Louise Labé: Poems Quotes

Quotes

I live, I die: I burn and I also drown.
I'm utterly hot and all I feel is cold.
Life is too soft and too hard for me to hold;
my joy and my heavy burden are mixed in one.

Speaker, “Sonnet 8"

The opening lines of this sonnet—arguably the most well-known lines of verse Labe ever composed—can be found an expression of a central thematic component pervading much of the rest of her poetry. The passionate swings between extremes and the investment of pain and death as inextricable components of love all point to an obsessive aesthetic that links romance with walking on the edge of insanity.

Do you have so little memory of me

that your promises are broken so easily?

How do you dare abuse me? How could you wrong

one who has stayed so loyal, for so long?

Speaker, “Elegy 2”

The poet here seems to come perilously close to the edge to the point of stepping over the line into madness. The rest of the poem is spoken in a same tone of frenzy that mixes longing with exasperation with paranoia with hatred with apology. It is the portrait of a woman abandoned. Or, more precise, a woman currently alone who cannot help but fear that she has been abandoned that her lover is never coming back.

Ever since I felt cruel Love first poison me

with the first of many fires in my chest,

with a sacred flame that never lets me rest,

for one single day He has not let me be.

Speaker, “Sonnet 4"

Passion is a term often applied to the verse of Labe. Passion is the positive flip side of the same emotion that often, under different circumstances, is termed “hysterical.” Let there be no doubt that these lines—and even more the ones above—are indicative of a hysteria, but manifested in the form of poetry and especially in the precise construction of a sonnet, it becomes far less easy to disfigure such passion as simple histrionics. The image of love as something that is also poison is another iconic image revealing the thematic obsession of the poet.

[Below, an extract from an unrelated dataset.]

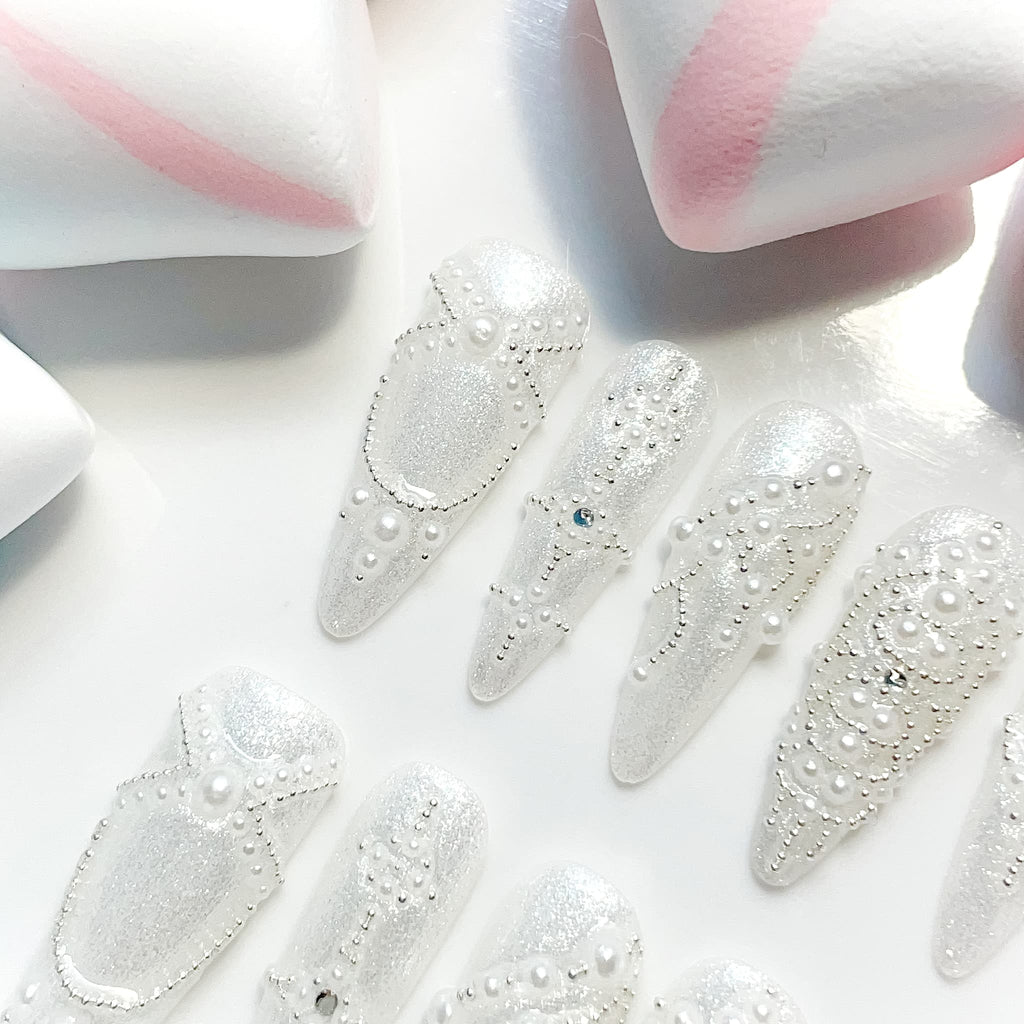 long length white stiletto press on nails with pearl design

Kiss me again, rekiss me, and then kiss

me again, with your richest, most succulent

kiss; then adore me with another kiss, meant

to steam out fourfold the very hottest hiss

from my love-hot coals.

Speaker, “Sonnet 18”

Naturally with a writer of such passion, it would be a mistake to assume that the only emotions making it into the immortality of the written word would be the pain and heartache of love. Love may be a poison capable of burning hot before leaving one cold, but it is also that flame capable of igniting the fire within the chest. Labe’s verse is not just the bemoaning of lost love and the drama of feeling abandoned, it is also the expression of desire felt and passion returned in kind.